Assignment
Print, exactly as they stand, the lines below from the one that has "Received a great" to the one that has "After hair removal", inclusive, leaving out the pictures.

[Records contained in a dataset]
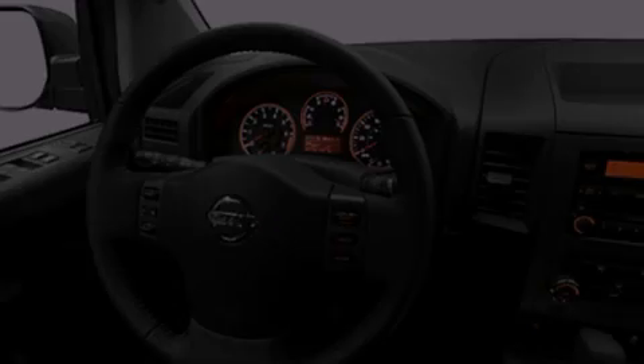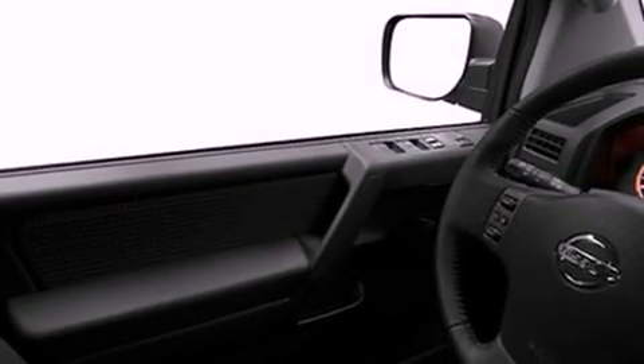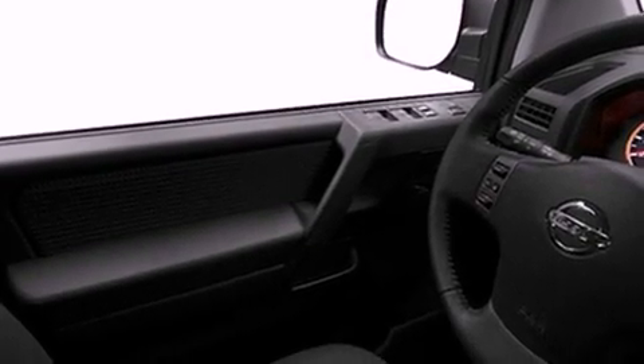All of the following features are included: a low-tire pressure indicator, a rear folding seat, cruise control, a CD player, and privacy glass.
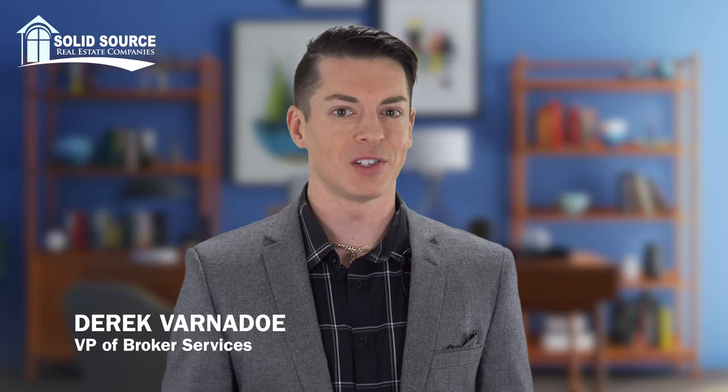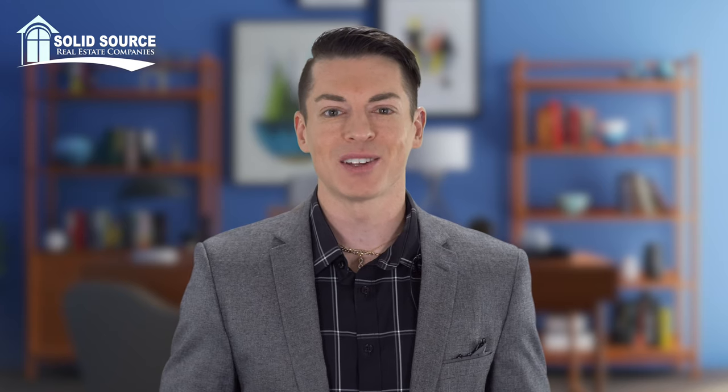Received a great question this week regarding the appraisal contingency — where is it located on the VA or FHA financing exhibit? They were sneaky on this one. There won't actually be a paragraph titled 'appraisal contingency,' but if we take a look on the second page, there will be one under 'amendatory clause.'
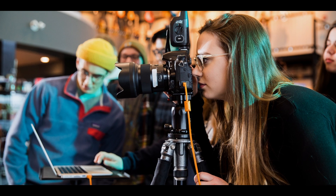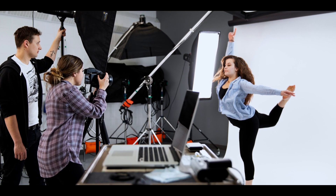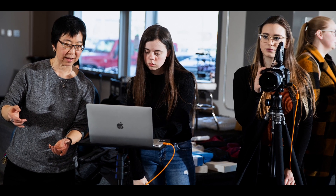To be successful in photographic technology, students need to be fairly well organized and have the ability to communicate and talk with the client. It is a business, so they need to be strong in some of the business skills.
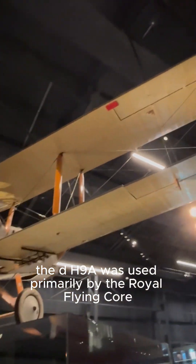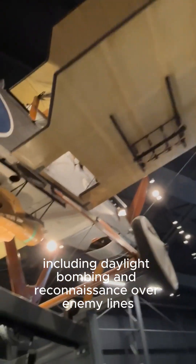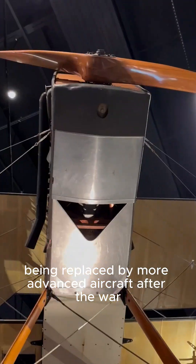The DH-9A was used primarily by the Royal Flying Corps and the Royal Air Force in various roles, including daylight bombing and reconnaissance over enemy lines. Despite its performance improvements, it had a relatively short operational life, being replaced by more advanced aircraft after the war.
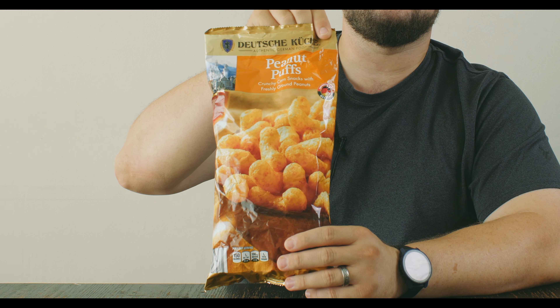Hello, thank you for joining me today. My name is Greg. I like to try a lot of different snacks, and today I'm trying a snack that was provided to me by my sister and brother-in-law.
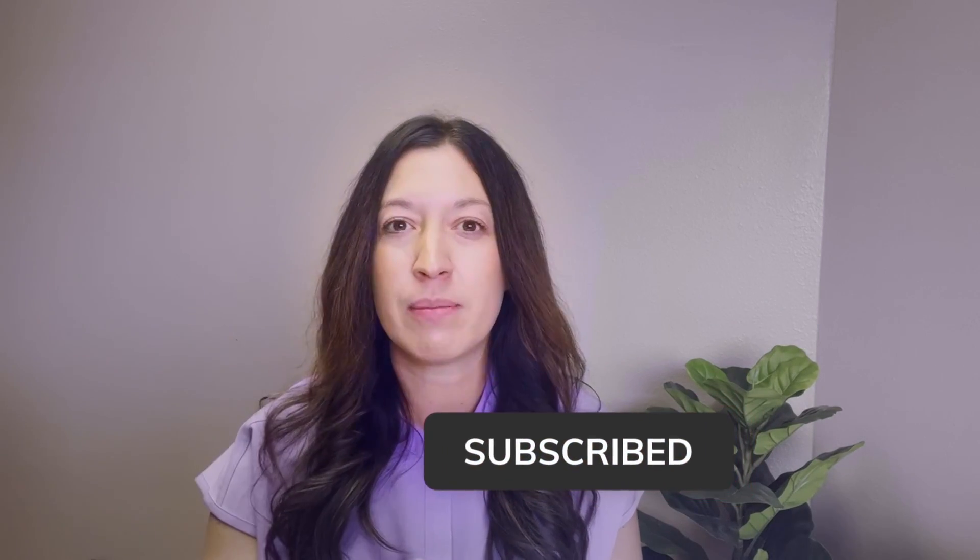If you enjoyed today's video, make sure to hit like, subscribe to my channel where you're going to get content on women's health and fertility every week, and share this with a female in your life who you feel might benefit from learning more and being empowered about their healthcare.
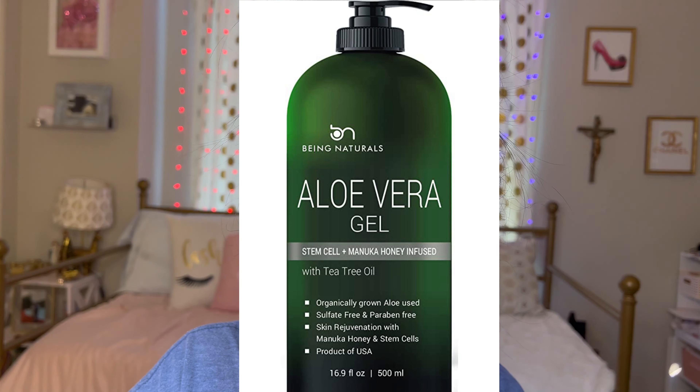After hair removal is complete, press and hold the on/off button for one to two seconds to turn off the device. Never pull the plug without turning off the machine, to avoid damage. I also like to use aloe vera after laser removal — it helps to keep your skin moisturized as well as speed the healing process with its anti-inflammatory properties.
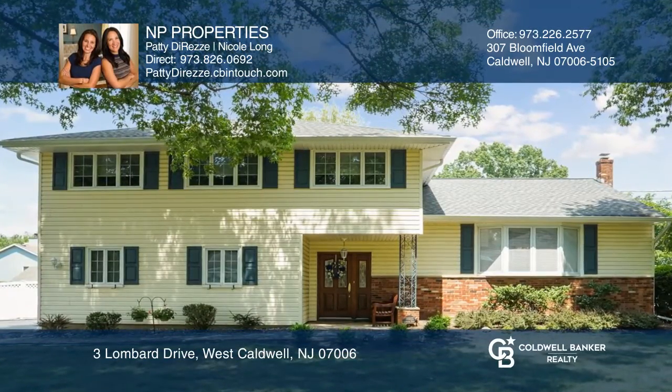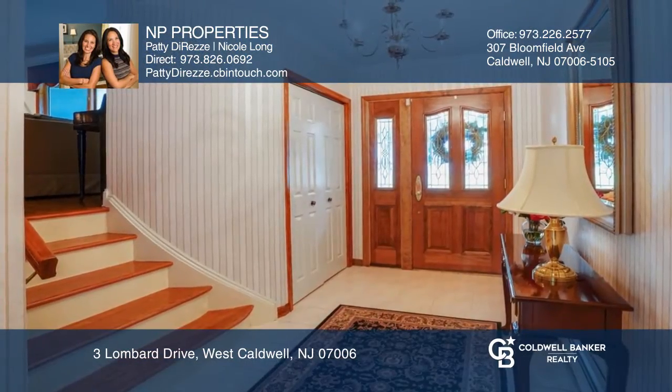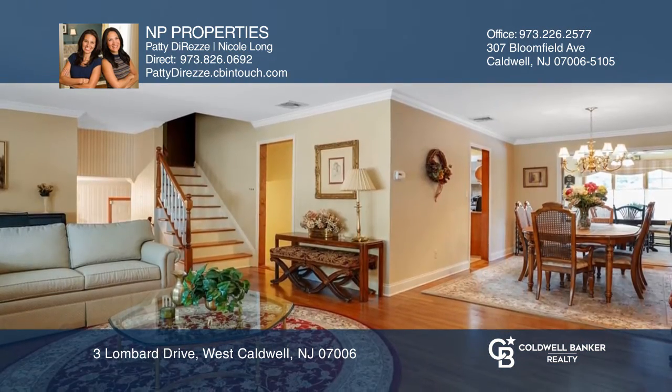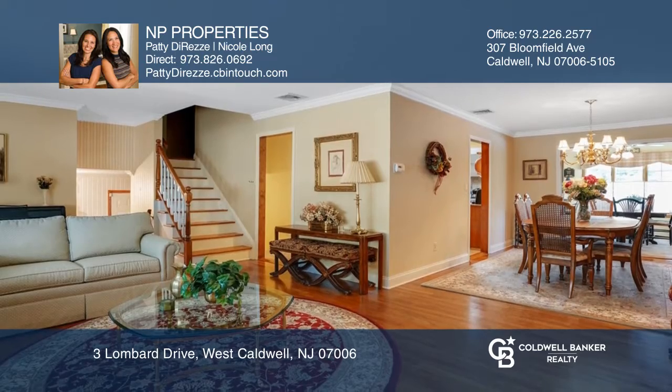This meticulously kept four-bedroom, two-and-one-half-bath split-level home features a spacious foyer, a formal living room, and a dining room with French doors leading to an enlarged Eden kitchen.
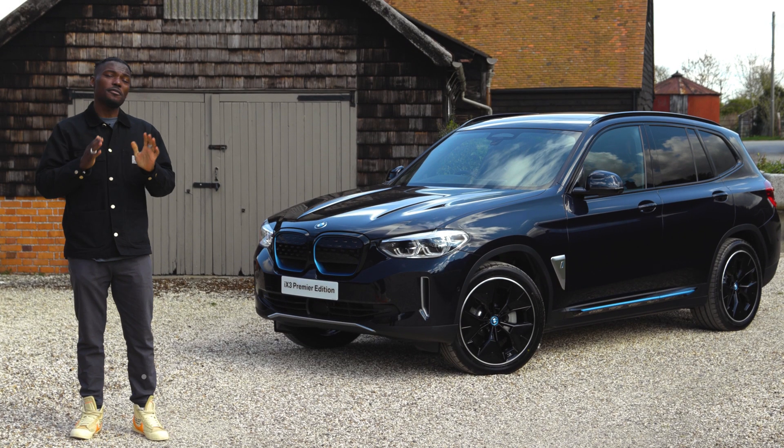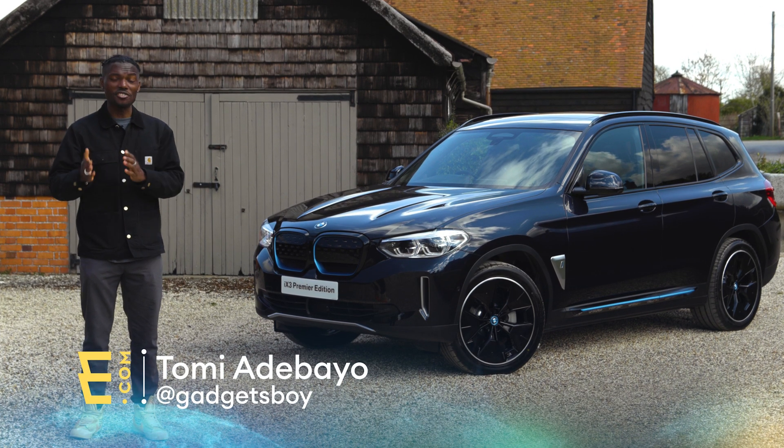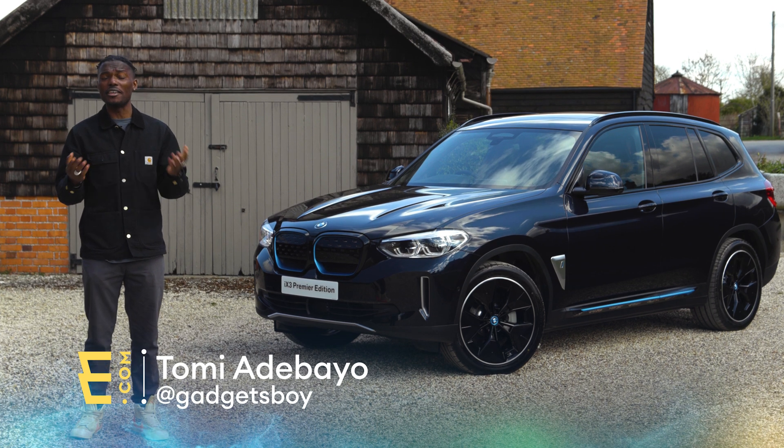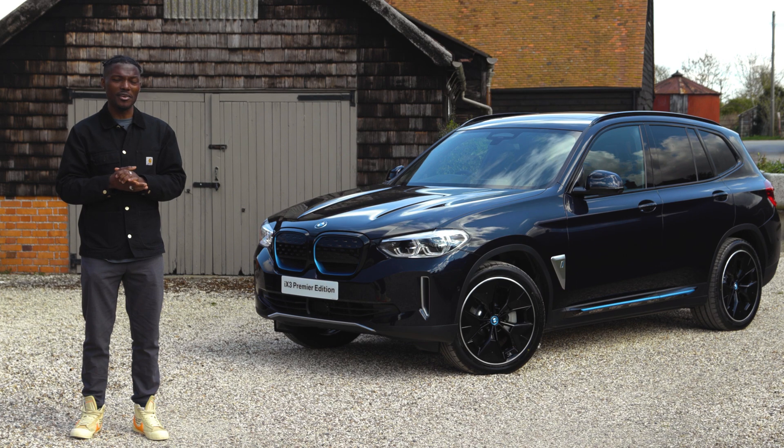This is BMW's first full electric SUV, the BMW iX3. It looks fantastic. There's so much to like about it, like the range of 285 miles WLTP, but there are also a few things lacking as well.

Output below
Received a great question this week regarding the appraisal contingency — where is it located on the VA or FHA financing exhibit? They were sneaky on this one. There won't actually be a paragraph titled 'appraisal contingency,' but if we take a look on the second page, there will be one under 'amendatory clause.'
To be successful in photographic technology, students need to be fairly well organized and have the ability to communicate and talk with the client. It is a business, so they need to be strong in some of the business skills.
The DH-9A was used primarily by the Royal Flying Corps and the Royal Air Force in various roles, including daylight bombing and reconnaissance over enemy lines. Despite its performance improvements, it had a relatively short operational life, being replaced by more advanced aircraft after the war.
Hello, thank you for joining me today. My name is Greg. I like to try a lot of different snacks, and today I'm trying a snack that was provided to me by my sister and brother-in-law.
If you enjoyed today's video, make sure to hit like, subscribe to my channel where you're going to get content on women's health and fertility every week, and share this with a female in your life who you feel might benefit from learning more and being empowered about their healthcare.
After hair removal is complete, press and hold the on/off button for one to two seconds to turn off the device. Never pull the plug without turning off the machine, to avoid damage. I also like to use aloe vera after laser removal — it helps to keep your skin moisturized as well as speed the healing process with its anti-inflammatory properties.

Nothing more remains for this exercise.